Composing Courtesy: Understanding Envoy Poetry in Early Modern East Asia


DATE
Monday November 16, 2020
TIME
5:00 PM - 6:00 PM
COST
Free

Speaker: Dr. Wiebke Denecke
Location: Zoom – The Zoom link will be sent to registrants. 

How to register? Please fill out a form here: https://ckr.iar.ubc.ca/monday-november-16-2020/

More details are included in the attached file. All of our seminars are open to the public!

Event Poster

Talk Summary: This talk focuses on envoy poetry from early modern East Asia, in particular on Collections of Magnificent Flowers (Hwanghwajip), a large corpus of officially compiled poetry anthologies from the missions the Ming court sent to Chosŏn Korea between 1450 and 1633; and several 18th-century poetry collections from Korea’s t’ongsinsa missions to Japan.

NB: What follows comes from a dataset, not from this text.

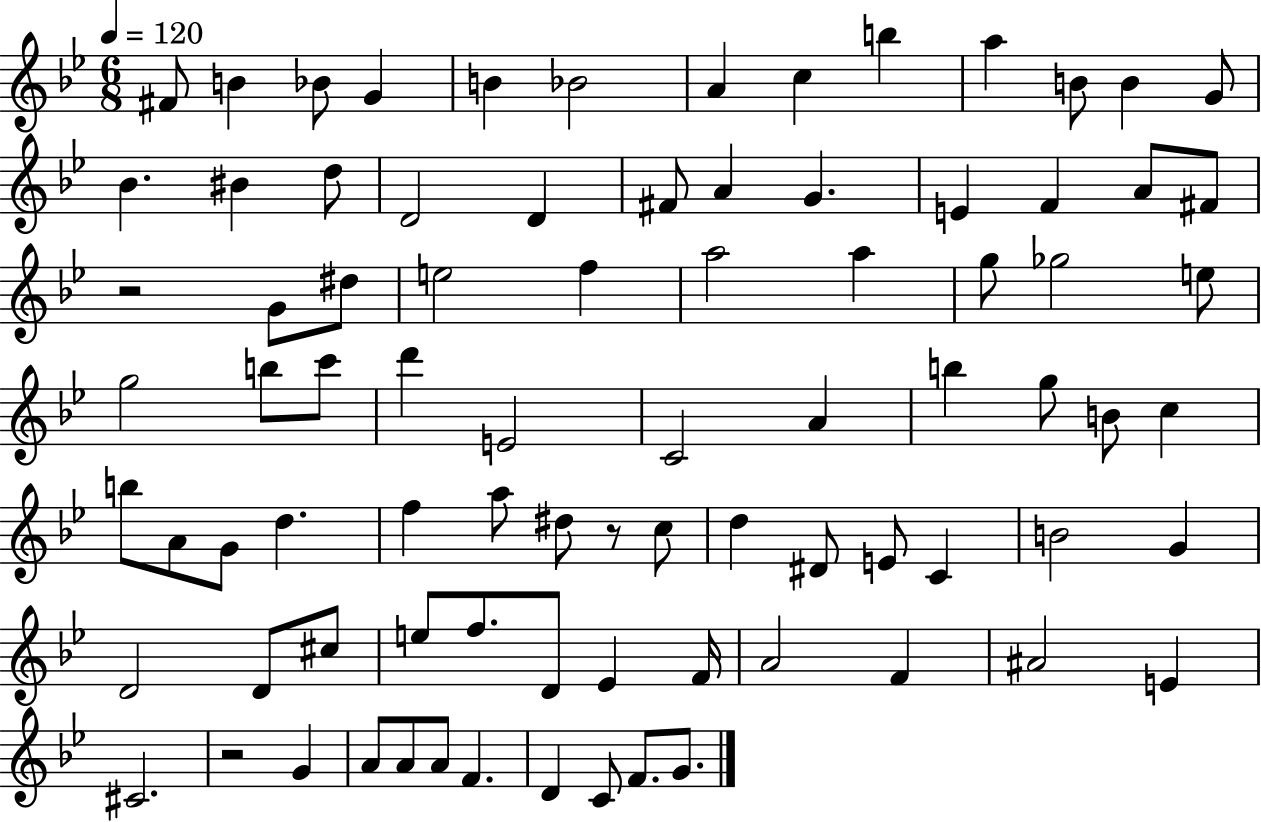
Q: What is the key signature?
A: BES major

In cross-cultural perspective East Asia’s envoy poetry is a highly distinctive phenomenon: during their encounters envoys communicated in the scripta (rather than linguafranca of Literary Sinitic through “brush talk” on paper; they were Confucian literati eager to display their talent in collective poetry composition on set topics and shared rhyme schemes; and they learnt how to play with a common set of themes and tropes to convey courtesy and conviviality. How do the literary repertoires differ in Ming-Chosŏn and Chosŏn-Tokugawa envoy poetry collections and why? How did current events and evolving political constellations affect this rather formulaic  poetry? Ultimately this lecture aims to understand the role of envoy poetry in the history of early modern East Asia and develop a comparative framework for understanding the phenomenon of envoy poetry in cross-cultural perspective.